Луи Филипп был живым символом лицемерия и низости своего времени. И, думая о будущем рисунке, Домье хотел сделать его так, чтобы это была карикатура не только на короля, но и на всю прогнившую, продажную и лживую монархию.

Работал Оноре с жадностью, исправляя, перерисовывая, подолгу размышляя над каждой мелочью, — здесь все имело значение.

Главное место в литографии занял сам Гаргантюа — жирный великан с грушеподобной головой и тонкими ногами старого подагрика. Он сидел в кресле, возвышаясь, как огромный безобразный идол, над толпой людей, над башнями Парижа. В открытый рот великана вели мостки. По ним бесконечной чередой поднимались к огромной пасти люди с корзинами золота на плечах. Изможденные, голодные рабочие под грозными взорами чиновников бросали в пустую корзину свои последние гроши. У подножия трона люди в мундирах и фраках ловили треуголками падающие из переполненных корзин мешочки с деньгами.

А под кресло, сквозь сиденье, низвергался густой поток переваренного чудовищем золота в виде дворянских грамот, крестов Почетного легиона, маршальских жезлов, патентов на государственные должности. Там толпились жаждущие наград и почестей банкиры, политические дельцы и другие властители страны. За ними, словно осеняя это зловонное торжище, развевался трехцветный республиканский флаг.

За работой дни проходили быстро. Наступил декабрь. Густой туман оседал на город. Смешиваясь с дымом, копотью и тающим снегом, он превращался в липкую грязь. Беднякам приходилось еще труднее, чем обычно, и Домье с ужасом смотрел на посиневших, дрожащих от холода людей, многие из которых сражались, наверное, на июльских баррикадах. Вот они те, чьи деньги пожирал ненасытный король Гаргантюа.

В середине декабря Домье принес Филипону только что законченную литографию. Журналист хохотал, глядя на рисунок. Потом спросил:

— Вы не боитесь, что это может закончиться для вас неприятностями? Гаргантюа страшен в гневе!

— Но ведь вы не боялись, месье Филипон! — ответил Домье и прибавил улыбнувшись: — Поживем, увидим. А пока неприятности начнутся у Гаргантюа.

Филипон отослал камень в типографию, и через несколько дней первые оттиски карикатуры были доставлены в редакцию.

15 декабря «Гаргантюа» появился в витрине магазина Обера.

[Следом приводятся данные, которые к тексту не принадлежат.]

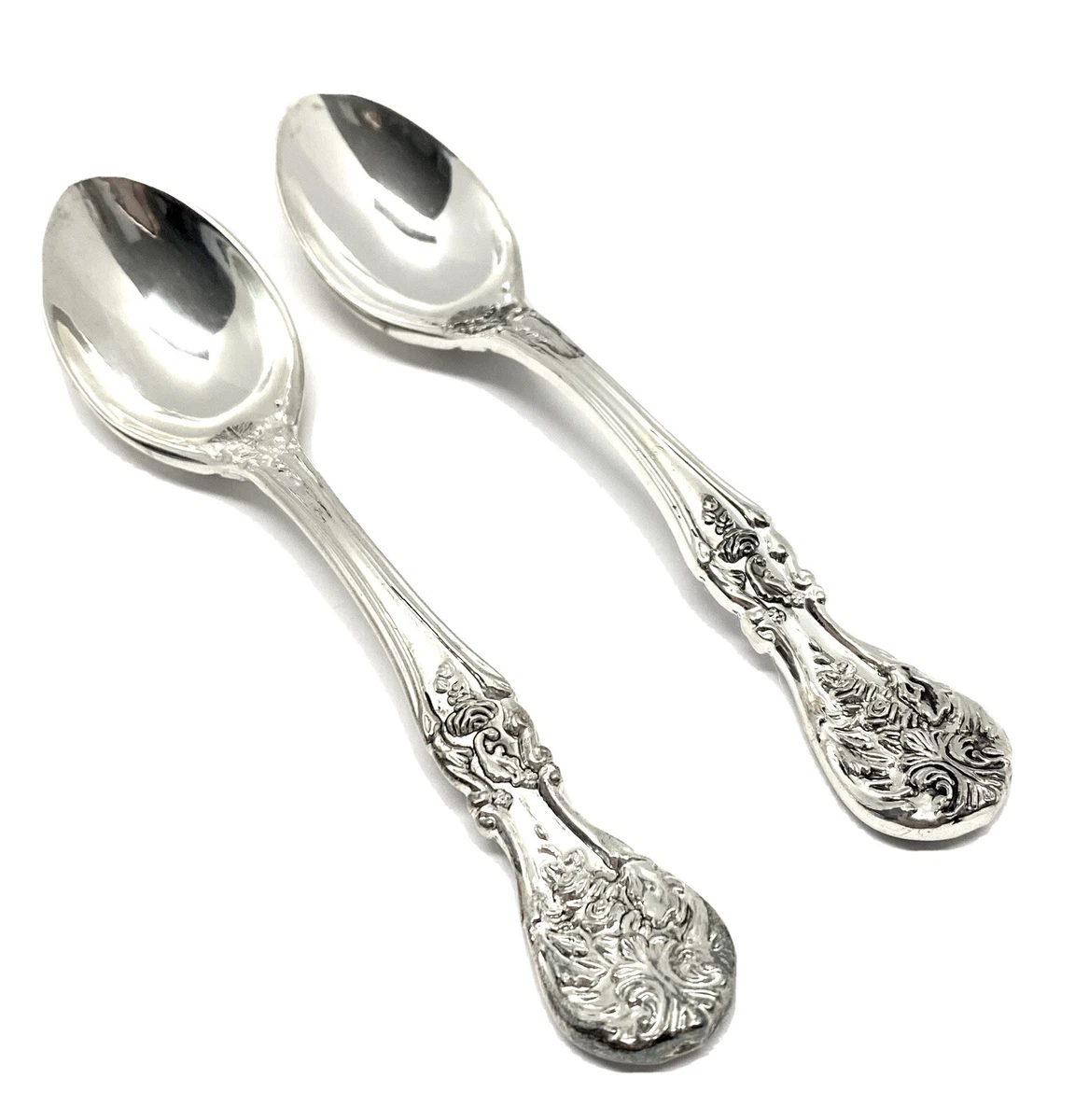 F B Rogers FRENCH ROSE International Silverplate 2 Demitasse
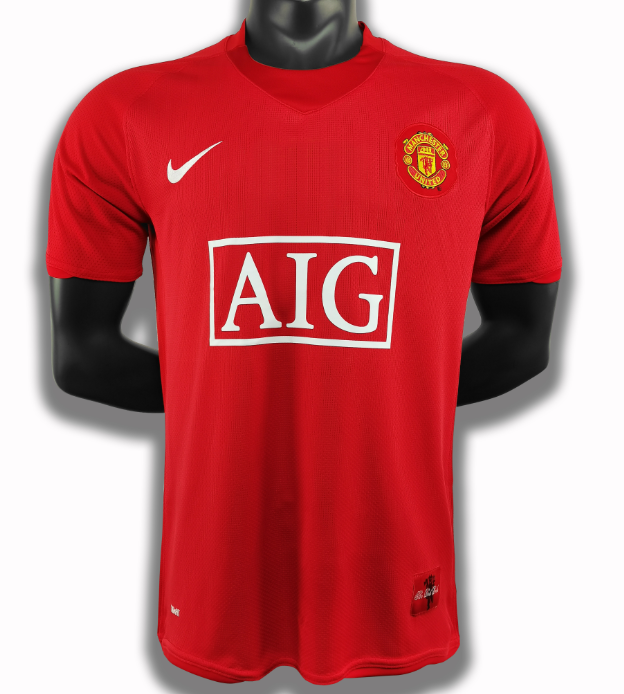 Manchester united 07-08 home retro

Был мглистый холодный день, каких немало случалось в ту ненастную зиму. В галерее Веро-Дода толпилось много народу, здесь спасались от непогоды и развлекались, разглядывая многочисленные витрины.

Как только распахнулись ставни на окнах магазина Обера, прохожие обратили внимание на никому еще не известную литографию. У витрины стали останавливаться люди. Вперед протискивались вездесущие уличные мальчишки, восторженно приветствуя появление новой груши.

Кое-кто из собравшихся перед окном улыбался. Смеялись мало. Литография была не столь забавна, сколь страшна своей безжалостной правдой. За этим рисунком, за отвратительным великаном вставала вся сегодняшняя Франция со звоном золота, вырванного из рук бедняков и сыпавшегося в карманы буржуа, с глухим ропотом голодных, с густым смрадом нечистых финансовых махинаций, с поруганным республиканским флагом, с чудовищной алчностью короля-банкира.

Толпа росла.

В узкой галерее нельзя было протолкнуться. Люди возбужденно переговаривались, мальчишки свистели, слышалась сочная ругань по адресу короля. Гул взволнованных голосов, брань, хохот, свист наполняли галерею. Зрители взволнованно жестикулировали, размахивали зонтиками и тростями. Многие старались пробиться в магазин, чтобы купить литографию.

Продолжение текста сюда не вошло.